──────── Source material ────────
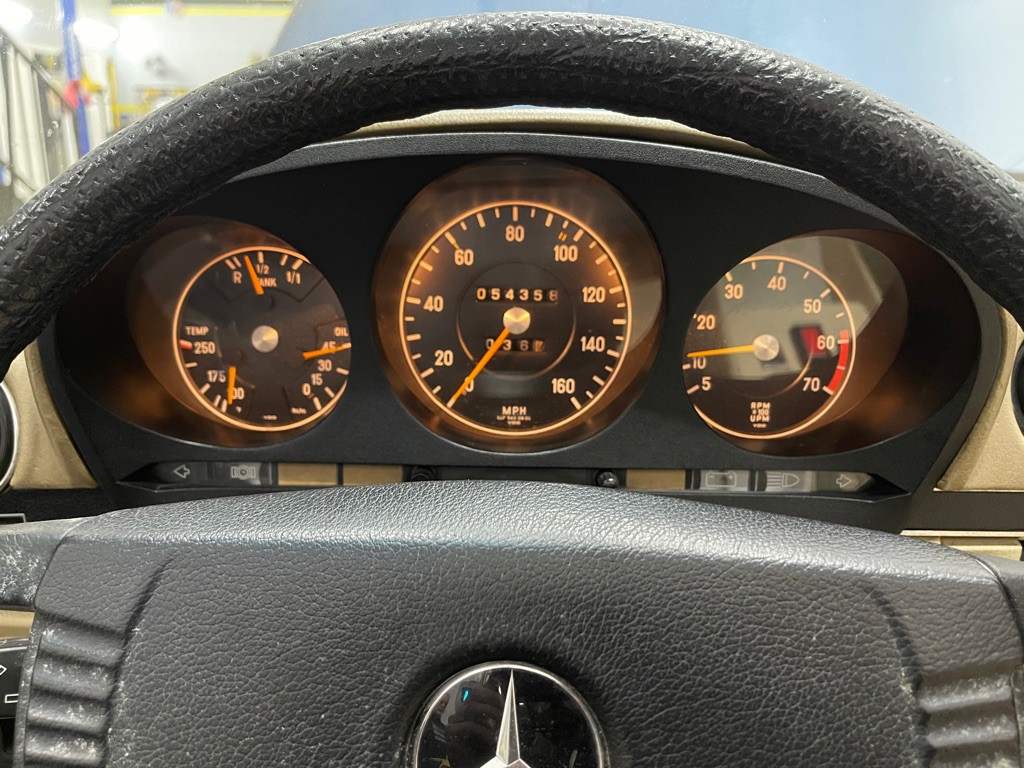 1973 Mercedes-Benz 420-Class Image 24
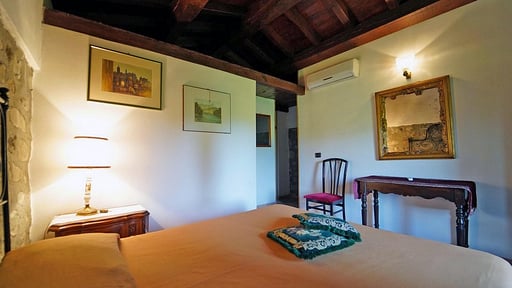 Villa Le Due Lune Bedroom 1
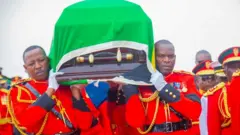 Abasiriakare batwaye isanduku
────────
What you return should be all of the material above, exactly, and none of its pictures.

■ Response below:
 1973 Mercedes-Benz 420-Class Image 24
 Villa Le Due Lune Bedroom 1
 Abasiriakare batwaye isanduku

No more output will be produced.